Bug 1646794 - Add basic infrastructure for collecting data on the performance of individual build actions r=mhentges,froydnj

This, hopefully, begins to address an ongoing global problem where we have few, if any, insights into the performance of individual build tasks (compilations, calls into Python scripts, etc.) At most we have aggregated statistics about how long tiers last, combined with `sccache` aggregates across the entire build (which don't cover non-compilation tasks). This has a few implications:

1. It's impossible to identify bottlenecks, except by going out of your way to notice and reproduce them. e.g. no one, to my knowledge, was aware that `make_dafsa.py` was a bottleneck until someone happened to notice and report it in bug 1629337. We could have systems that automatically detect this sort of thing, or at least that make it easier to do so than by CTRL-C'ing in the middle of the build several times to try to reproduce the problem.

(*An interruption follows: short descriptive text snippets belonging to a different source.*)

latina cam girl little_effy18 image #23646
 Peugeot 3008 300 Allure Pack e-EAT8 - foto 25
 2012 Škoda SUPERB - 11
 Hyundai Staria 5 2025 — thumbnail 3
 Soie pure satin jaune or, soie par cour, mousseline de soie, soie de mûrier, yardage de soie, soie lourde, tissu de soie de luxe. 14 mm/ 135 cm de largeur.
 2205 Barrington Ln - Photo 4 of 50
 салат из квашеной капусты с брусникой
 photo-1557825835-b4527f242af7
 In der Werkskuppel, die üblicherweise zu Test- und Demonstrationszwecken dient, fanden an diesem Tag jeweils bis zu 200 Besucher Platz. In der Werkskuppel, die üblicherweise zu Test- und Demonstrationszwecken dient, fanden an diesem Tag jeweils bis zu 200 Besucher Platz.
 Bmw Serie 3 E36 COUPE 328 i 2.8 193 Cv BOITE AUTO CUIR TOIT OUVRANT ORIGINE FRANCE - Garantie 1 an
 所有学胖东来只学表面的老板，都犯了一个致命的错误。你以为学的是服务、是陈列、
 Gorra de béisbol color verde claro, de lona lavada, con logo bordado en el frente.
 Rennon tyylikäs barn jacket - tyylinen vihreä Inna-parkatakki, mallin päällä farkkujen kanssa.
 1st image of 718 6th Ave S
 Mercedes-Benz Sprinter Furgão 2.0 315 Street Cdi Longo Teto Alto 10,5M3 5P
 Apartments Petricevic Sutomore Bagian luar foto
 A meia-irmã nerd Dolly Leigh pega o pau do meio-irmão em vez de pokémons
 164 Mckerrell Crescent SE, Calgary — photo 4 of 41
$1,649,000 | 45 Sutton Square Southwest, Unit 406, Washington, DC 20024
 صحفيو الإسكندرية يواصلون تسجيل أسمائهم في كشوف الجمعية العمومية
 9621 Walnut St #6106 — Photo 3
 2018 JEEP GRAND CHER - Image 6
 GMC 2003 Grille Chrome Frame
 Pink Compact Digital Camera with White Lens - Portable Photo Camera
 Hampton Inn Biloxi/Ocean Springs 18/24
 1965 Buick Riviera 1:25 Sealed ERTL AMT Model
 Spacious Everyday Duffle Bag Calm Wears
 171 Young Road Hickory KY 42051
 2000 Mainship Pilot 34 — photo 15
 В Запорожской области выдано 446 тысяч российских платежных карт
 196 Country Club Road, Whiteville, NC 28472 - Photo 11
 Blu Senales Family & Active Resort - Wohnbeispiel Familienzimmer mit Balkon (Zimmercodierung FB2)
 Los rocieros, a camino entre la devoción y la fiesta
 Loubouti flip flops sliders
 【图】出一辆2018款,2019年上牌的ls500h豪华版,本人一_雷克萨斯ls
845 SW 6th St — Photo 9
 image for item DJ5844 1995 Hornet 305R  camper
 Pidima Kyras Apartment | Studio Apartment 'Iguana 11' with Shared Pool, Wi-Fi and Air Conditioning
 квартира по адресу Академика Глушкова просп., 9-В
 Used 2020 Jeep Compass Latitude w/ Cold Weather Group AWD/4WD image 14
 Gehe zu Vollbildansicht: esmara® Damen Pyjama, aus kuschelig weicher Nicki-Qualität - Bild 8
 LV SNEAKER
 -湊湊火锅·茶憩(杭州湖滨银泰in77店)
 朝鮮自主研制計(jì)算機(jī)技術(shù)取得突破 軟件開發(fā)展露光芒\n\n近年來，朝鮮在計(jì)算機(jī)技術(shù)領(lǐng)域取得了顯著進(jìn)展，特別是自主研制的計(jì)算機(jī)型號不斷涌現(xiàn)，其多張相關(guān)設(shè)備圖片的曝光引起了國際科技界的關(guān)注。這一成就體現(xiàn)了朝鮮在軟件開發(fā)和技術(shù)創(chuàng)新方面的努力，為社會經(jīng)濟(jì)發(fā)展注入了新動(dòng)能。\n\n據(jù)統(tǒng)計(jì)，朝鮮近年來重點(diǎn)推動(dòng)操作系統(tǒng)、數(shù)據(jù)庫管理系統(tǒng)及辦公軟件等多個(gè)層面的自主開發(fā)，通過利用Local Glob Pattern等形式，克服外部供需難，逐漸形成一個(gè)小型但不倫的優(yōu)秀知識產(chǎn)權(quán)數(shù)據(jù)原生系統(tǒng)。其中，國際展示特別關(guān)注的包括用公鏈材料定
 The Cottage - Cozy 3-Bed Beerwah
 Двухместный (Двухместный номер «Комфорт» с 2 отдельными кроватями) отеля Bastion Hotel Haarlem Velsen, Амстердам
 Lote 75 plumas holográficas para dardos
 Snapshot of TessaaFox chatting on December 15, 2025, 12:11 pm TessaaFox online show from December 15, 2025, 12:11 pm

2. It's impossible to detect regressions, unless the regression is so pronounced and severe that it has an immediate impact on the overall build time and triggers build time alerts.

3. It's impossible to identify that you have *fixed* regressions, except by doing ad-hoc timing measurements by building individual `make` targets. This is error-prone and annoying.

Here we propose a low-friction system wherein individual build tasks log their build own perf info. For now, that's a write to `stdout` consisting of the string `BUILDTASK ` followed by a simple JSON object with a start time, end time, the `argv` of the task, and an additional `"context"` key (I anticipate this could be used to annotate the task with relevant per-task for later aggregation, for example: was this an `sccache` cache hit or not? For now, it's empty everywhere). The build controller then collects this data, validates it, and writes out the entire list of build tasks as a JSON file after the build has completed, similarly to what we already do with `build_resources.json`. We already parse some `make` output to do stuff like tracking when we switch tiers, so this isn't a huge architectural shift or anything.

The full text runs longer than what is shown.